# [WHAT THIS TASK INVOLVES]
Your task is to reproduce exactly the lines that run from the beginning of the data through the line where "赛博朋克2077电锯怎么获得" appears.

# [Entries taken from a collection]
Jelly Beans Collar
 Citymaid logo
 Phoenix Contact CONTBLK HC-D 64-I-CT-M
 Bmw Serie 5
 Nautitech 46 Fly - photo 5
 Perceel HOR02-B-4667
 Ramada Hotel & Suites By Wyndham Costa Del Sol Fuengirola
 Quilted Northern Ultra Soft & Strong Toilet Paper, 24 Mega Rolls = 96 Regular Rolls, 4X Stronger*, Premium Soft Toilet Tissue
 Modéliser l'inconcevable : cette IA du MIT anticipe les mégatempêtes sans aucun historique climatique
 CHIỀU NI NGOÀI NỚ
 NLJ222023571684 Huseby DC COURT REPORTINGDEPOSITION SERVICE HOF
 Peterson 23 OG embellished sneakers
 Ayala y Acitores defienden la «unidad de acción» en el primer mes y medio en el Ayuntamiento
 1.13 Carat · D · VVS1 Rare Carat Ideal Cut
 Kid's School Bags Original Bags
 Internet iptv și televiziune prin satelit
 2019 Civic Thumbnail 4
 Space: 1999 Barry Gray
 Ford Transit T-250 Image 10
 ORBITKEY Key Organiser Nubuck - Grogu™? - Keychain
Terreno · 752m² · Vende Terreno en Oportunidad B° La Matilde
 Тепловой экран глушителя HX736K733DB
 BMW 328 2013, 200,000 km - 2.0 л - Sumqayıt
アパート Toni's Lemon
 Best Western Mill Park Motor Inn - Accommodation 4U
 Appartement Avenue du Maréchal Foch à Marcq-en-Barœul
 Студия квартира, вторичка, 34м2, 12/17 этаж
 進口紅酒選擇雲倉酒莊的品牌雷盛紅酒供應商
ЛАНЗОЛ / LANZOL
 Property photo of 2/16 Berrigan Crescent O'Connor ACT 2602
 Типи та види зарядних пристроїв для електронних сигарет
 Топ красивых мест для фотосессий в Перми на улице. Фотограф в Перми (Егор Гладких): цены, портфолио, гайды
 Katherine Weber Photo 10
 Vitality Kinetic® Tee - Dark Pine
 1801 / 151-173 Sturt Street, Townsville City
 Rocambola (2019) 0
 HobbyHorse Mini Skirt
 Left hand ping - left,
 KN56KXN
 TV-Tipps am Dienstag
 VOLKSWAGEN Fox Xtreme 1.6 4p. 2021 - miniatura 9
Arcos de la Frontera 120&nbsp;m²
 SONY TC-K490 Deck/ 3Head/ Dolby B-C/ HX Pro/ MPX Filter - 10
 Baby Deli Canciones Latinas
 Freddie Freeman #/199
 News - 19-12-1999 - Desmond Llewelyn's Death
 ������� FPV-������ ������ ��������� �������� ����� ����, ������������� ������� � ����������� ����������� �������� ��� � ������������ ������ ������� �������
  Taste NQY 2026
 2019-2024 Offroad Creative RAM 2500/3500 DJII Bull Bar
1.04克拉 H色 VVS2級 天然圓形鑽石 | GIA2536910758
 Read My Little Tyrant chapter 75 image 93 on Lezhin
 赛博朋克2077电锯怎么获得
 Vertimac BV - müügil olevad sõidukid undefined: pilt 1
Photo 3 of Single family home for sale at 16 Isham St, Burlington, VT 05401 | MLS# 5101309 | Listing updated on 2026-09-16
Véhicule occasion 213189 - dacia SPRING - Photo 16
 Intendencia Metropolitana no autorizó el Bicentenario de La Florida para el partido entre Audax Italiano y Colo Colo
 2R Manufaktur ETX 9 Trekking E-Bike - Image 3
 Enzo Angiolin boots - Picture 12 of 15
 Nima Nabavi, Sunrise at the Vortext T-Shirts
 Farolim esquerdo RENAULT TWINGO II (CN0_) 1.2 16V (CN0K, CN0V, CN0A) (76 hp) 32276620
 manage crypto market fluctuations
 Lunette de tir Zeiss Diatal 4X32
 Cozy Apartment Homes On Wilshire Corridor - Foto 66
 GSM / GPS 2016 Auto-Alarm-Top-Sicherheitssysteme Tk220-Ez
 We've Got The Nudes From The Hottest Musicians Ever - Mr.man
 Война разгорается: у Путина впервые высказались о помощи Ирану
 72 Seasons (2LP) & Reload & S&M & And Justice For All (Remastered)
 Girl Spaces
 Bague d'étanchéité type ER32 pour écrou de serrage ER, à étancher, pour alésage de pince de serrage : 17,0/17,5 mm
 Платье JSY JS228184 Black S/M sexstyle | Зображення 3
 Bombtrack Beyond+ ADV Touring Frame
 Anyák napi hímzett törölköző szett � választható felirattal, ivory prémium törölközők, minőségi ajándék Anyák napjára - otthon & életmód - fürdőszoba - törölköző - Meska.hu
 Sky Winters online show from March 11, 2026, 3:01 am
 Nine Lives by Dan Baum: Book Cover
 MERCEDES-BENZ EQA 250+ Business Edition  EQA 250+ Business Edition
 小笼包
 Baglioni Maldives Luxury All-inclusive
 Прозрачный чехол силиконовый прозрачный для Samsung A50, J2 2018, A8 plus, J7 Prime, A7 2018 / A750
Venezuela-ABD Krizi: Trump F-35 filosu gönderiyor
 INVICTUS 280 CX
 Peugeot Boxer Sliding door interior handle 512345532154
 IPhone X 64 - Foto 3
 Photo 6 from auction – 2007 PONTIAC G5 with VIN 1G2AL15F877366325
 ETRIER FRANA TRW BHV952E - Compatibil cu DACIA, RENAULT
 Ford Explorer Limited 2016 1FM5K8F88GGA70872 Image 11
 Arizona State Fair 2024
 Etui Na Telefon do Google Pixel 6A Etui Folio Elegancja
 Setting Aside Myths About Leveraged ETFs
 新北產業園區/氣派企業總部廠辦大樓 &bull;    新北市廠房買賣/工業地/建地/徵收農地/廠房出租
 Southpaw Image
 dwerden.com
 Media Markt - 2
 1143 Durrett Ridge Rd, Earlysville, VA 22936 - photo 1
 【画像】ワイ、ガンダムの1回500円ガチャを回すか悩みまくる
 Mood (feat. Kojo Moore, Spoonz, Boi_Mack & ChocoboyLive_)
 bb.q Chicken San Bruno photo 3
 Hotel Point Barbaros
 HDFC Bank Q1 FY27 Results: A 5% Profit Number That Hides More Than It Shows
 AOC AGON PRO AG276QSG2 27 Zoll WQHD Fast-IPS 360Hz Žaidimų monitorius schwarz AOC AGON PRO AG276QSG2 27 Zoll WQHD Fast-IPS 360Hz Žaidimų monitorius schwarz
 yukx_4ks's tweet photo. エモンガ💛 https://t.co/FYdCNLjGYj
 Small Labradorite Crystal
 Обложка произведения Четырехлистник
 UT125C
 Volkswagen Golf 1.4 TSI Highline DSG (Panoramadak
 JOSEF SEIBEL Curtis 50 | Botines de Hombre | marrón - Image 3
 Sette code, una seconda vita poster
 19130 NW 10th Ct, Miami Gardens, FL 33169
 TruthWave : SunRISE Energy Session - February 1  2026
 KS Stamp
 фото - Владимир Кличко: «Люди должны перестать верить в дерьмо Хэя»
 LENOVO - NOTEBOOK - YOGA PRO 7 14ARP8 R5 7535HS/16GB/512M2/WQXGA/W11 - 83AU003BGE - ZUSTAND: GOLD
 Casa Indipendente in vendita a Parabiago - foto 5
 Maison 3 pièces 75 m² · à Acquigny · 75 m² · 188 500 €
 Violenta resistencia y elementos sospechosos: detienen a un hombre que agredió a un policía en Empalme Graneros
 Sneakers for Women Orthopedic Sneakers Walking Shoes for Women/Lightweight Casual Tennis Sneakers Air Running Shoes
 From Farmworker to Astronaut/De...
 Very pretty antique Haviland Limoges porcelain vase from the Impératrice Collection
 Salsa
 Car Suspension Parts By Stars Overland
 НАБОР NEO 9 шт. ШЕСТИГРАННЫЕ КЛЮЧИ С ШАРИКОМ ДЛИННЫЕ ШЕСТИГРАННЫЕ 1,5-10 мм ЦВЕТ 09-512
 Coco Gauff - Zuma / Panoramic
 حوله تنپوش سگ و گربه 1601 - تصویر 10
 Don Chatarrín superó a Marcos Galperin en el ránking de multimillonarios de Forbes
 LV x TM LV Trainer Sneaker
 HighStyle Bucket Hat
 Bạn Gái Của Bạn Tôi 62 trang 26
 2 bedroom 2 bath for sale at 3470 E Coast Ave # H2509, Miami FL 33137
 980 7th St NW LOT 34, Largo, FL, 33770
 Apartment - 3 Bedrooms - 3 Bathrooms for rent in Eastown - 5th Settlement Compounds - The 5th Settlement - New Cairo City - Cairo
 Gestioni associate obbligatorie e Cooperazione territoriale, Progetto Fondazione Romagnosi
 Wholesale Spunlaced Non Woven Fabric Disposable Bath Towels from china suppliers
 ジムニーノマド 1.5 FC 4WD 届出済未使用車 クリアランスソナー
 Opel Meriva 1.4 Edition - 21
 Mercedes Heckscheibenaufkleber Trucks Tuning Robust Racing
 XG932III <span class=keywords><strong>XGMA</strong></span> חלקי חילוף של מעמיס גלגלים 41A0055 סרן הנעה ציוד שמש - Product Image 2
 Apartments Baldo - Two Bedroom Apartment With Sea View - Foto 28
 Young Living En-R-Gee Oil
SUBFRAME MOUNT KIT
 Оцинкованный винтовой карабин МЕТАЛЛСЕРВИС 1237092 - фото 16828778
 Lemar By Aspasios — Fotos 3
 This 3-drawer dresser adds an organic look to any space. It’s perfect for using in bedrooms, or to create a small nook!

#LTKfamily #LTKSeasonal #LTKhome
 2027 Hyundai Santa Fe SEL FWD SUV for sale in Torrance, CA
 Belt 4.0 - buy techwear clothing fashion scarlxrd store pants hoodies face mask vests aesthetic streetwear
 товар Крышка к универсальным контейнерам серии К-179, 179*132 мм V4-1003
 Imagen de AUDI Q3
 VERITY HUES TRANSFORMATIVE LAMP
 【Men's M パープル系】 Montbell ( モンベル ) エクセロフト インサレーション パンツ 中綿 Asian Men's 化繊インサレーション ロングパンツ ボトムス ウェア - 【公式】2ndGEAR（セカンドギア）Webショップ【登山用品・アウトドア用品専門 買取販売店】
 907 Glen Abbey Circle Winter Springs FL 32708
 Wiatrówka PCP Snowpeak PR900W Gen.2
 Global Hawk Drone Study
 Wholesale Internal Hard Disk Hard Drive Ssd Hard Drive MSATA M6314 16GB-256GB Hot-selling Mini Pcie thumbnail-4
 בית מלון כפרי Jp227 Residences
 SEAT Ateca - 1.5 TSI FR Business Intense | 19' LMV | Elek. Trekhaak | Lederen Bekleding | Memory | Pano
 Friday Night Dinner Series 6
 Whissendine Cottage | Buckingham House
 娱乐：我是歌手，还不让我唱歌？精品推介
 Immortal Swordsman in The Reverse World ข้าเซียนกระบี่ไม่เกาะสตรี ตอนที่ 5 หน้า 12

# [REPLY TO THE EXERCISE]
Jelly Beans Collar
 Citymaid logo
 Phoenix Contact CONTBLK HC-D 64-I-CT-M
 Bmw Serie 5
 Nautitech 46 Fly - photo 5
 Perceel HOR02-B-4667
 Ramada Hotel & Suites By Wyndham Costa Del Sol Fuengirola
 Quilted Northern Ultra Soft & Strong Toilet Paper, 24 Mega Rolls = 96 Regular Rolls, 4X Stronger*, Premium Soft Toilet Tissue
 Modéliser l'inconcevable : cette IA du MIT anticipe les mégatempêtes sans aucun historique climatique
 CHIỀU NI NGOÀI NỚ
 NLJ222023571684 Huseby DC COURT REPORTINGDEPOSITION SERVICE HOF
 Peterson 23 OG embellished sneakers
 Ayala y Acitores defienden la «unidad de acción» en el primer mes y medio en el Ayuntamiento
 1.13 Carat · D · VVS1 Rare Carat Ideal Cut
 Kid's School Bags Original Bags
 Internet iptv și televiziune prin satelit
 2019 Civic Thumbnail 4
 Space: 1999 Barry Gray
 Ford Transit T-250 Image 10
 ORBITKEY Key Organiser Nubuck - Grogu™? - Keychain
Terreno · 752m² · Vende Terreno en Oportunidad B° La Matilde
 Тепловой экран глушителя HX736K733DB
 BMW 328 2013, 200,000 km - 2.0 л - Sumqayıt
アパート Toni's Lemon
 Best Western Mill Park Motor Inn - Accommodation 4U
 Appartement Avenue du Maréchal Foch à Marcq-en-Barœul
 Студия квартира, вторичка, 34м2, 12/17 этаж
 進口紅酒選擇雲倉酒莊的品牌雷盛紅酒供應商
ЛАНЗОЛ / LANZOL
 Property photo of 2/16 Berrigan Crescent O'Connor ACT 2602
 Типи та види зарядних пристроїв для електронних сигарет
 Топ красивых мест для фотосессий в Перми на улице. Фотограф в Перми (Егор Гладких): цены, портфолио, гайды
 Katherine Weber Photo 10
 Vitality Kinetic® Tee - Dark Pine
 1801 / 151-173 Sturt Street, Townsville City
 Rocambola (2019) 0
 HobbyHorse Mini Skirt
 Left hand ping - left,
 KN56KXN
 TV-Tipps am Dienstag
 VOLKSWAGEN Fox Xtreme 1.6 4p. 2021 - miniatura 9
Arcos de la Frontera 120&nbsp;m²
 SONY TC-K490 Deck/ 3Head/ Dolby B-C/ HX Pro/ MPX Filter - 10
 Baby Deli Canciones Latinas
 Freddie Freeman #/199
 News - 19-12-1999 - Desmond Llewelyn's Death
 ������� FPV-������ ������ ��������� �������� ����� ����, ������������� ������� � ����������� ����������� �������� ��� � ������������ ������ ������� �������
  Taste NQY 2026
 2019-2024 Offroad Creative RAM 2500/3500 DJII Bull Bar
1.04克拉 H色 VVS2級 天然圓形鑽石 | GIA2536910758
 Read My Little Tyrant chapter 75 image 93 on Lezhin
 赛博朋克2077电锯怎么获得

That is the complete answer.